About this Research Topic
Myofibroblasts (MFB) are present in many tissues but they are studied primarily because of the important role they play in tissue repair. They are able to contract the wound and fill the wound gap with newly synthesized connective tissue. They actively participate in extracellular matrix (ECM) remodeling. The main source of MFB in liver are quiescent hepatic stellate cells (HSC) and portal fibroblasts. MFB accumulate in liver in various pathological conditions; in liver fibrosis of various origin, in liver tumors, in the course of defined genetic disorders and in liver infected with parasites. MFB differentiation from their precursors is a key event in fibrosis initiation. It is a complex proces that among other factors involves changes in composition and mechanical resistance of surrounding ECM and the action of cytokines. The persistence of MFB in fibrotic septa is connected with the irreversibility of liver cirrhosis. This project will be aimed at various pathways leading to functional MFB.
Potential contributors should concentrate on these events occurring in the process of MFB differentiation:
1) epigenetic mechanisms that modify gene expression in HSC but are not due to changes in primary DNA sequence:
- DNA methylation (adding methyl groups to cytosine in CpG islands in gene promoter regions)

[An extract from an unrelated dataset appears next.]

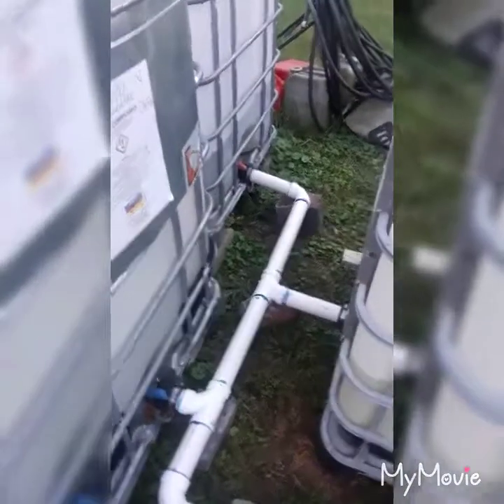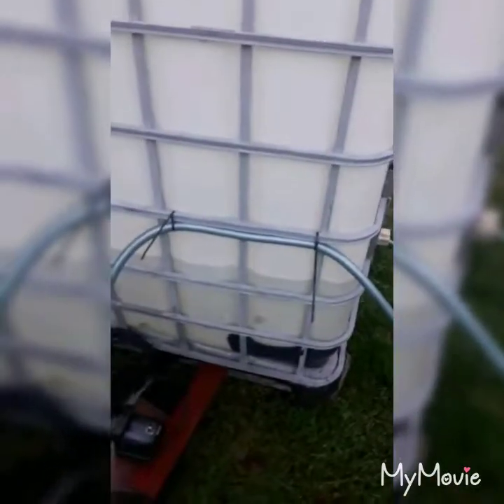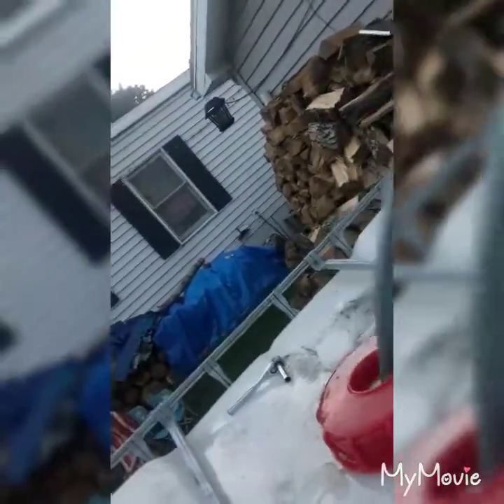Hey everybody, I'm back — it's all glued together and working good, minus the seal on the pump which probably just needs to be replaced, but no big deal. I'm not wasting my rainwater just for a test, so I'm just pumping it back into the barrel to make sure it works. It's working pretty good.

- changes in the spectrum of microRNAs
- histone modification (acetylation and methylation)
- regulation of peroxisome proliferator-activated receptor gamma (PPAR-γ) and the switch from the expression of adipogenic genes to that of myogenic genes in HSC
2) Notch signaling
3) Hedgehog signaling
4) the differences in the action of cytokines on MFB compared to that on HSC
5) the role of cell environment including substrate rigidity and three-dimensional (3D) ECM
Potential contributors will be selected to cover all these aspects of myofibroblast biology.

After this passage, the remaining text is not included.